This is a preliminary API and may be improved based on user feedback. It is currently available in C++ and Python.

bool OEReadCIFFile(oemolistream &ifs, OEMolBase &mol,
                   unsigned int flavor)

Reads a molecule from the specified input stream, ‘ifs’, in CIF or mmCIF file format. The reader peeks into the file to check for specific tags to determine whether it is a CIF or mmCIF file, given that the extension used is the same. The mmCIF reader can be enforced by setting the OEFormat.MMCIF on the input stream. A number of different format variants are supported by the use of ‘flavor’ parameter from the OEIFlavor.CIF or the OEIFlavor.MMCIF namespace. This function returns true if the operation was successful, and false if an end-of-file was encountered.

The atoms (_atom_site) table has four “author defined alternatives” (.auth_*) that have similar meaning to the “primary” identifiers (.label_*). Two of them, atom name (atom_id) and residue name (comp_id) almost never differ. The other two, chain name (asym_id) and sequence number (seq_id) may differ in a confusing way (A,B,C <-> C,A,B). Thus we read and store only one, auth if it is present, otherwise label.
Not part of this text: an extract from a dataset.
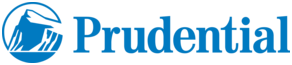 Prudential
In all PDB entries each auth_asym_id “chain” is split into one or more label_asym_id subchains. The polymer (residues before the TER record in the PDB format) goes into one subchain; all the other (non-polymer) residues are put into single-residue subchains; except the waters, which are all put into one subchain. Currently, wwPDB treats non-linear polymers (such as sugars) as non-polymers.


The implementation of mmCIF reading is partial, particularly for metadata processing, and is limited in scope to what is needed for Spruce TK. This means that converting to a PDB file will result in loss of header data.

It is recommended to always use the author-defined names, for consistency with the PDB format and with the literature.